In each of the following situations, identify whether the setting is primarily financial accounting or management accounting.
a. Volkswagen has experienced a declined in U. S. sales, which dropped 18% in 2005 and 24% in 2002 and 2004. Then chief executive, Bern Pischetsrieder, believed the biggest problem at Volkswagen was the cost incurred to produce a car, which was not competitive with other automakers, The company tried to get German workers to agree to pay cuts to reduce the cost.
b. In reporting a 2.1% drop in quarterly income from the previous year's second quarter, Oracle Corp. noted that a weaker dollar affected revenue in its database segment. A weaker dollar makes Oracle's products more expensive overseas and lowers the company's revenue after currency conversation.
c. Cerner is a developer of information technology for the health care industry. As the company incurs expenses to develop a software package, it capitalizes those costs as an asset. Beginning in the year after the software is released, it then amortizes those costs over a five-year period. Normal practice in the software industry is to amortize these costs over a three-year period.
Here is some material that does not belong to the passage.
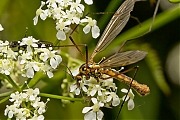 Langpootmug-20130518g800IMG_5449a.jpg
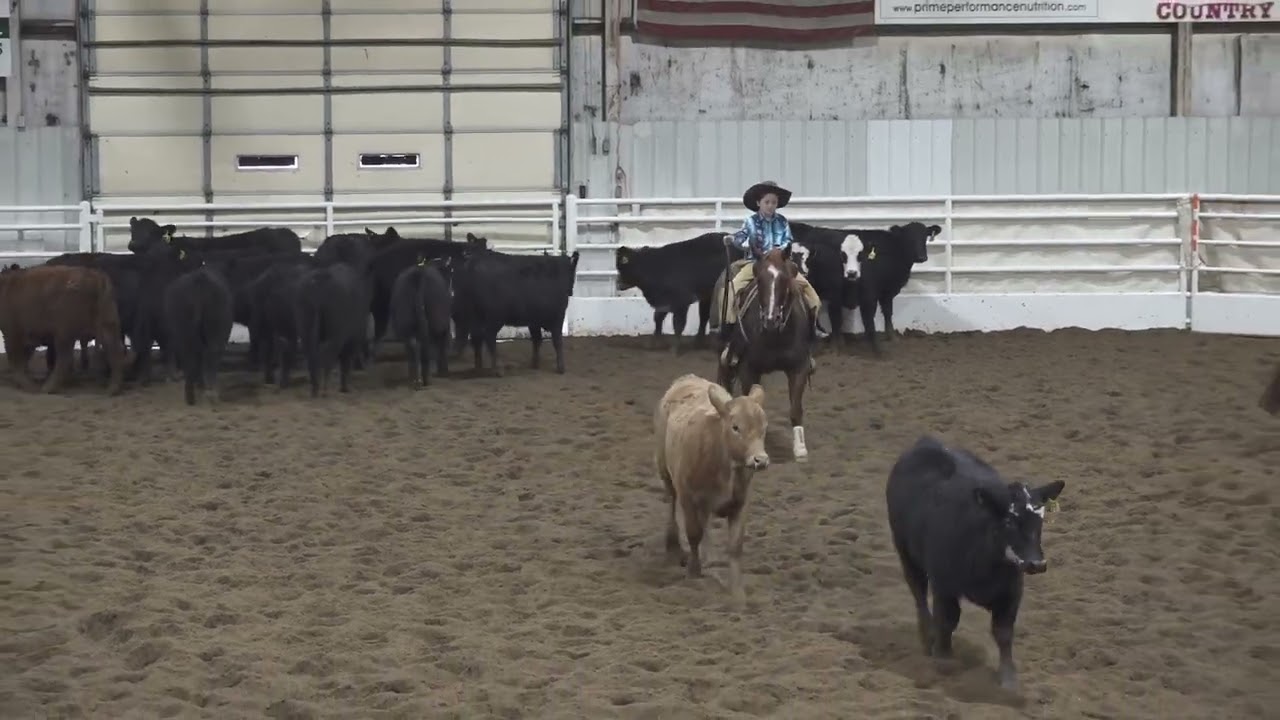 Betonwoody: Youth at 2026 OMCHA Winter Show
d. BNSF Railway was experiencing an increase in demand for information technology resources even though, overall, the company's business wasn't growing. In an effort to understand the technology group's operations, Chief Information Officer Jeff Campbell developed a balance scorecard for the IT group. Among the measures he tracked were monthly performance against operating budget, percentage of projects delivered on time, employee absenteeism, and internal rate of return on IT projects. Now everyone in the company understands how much it costs to provide the technology support for a particular business application.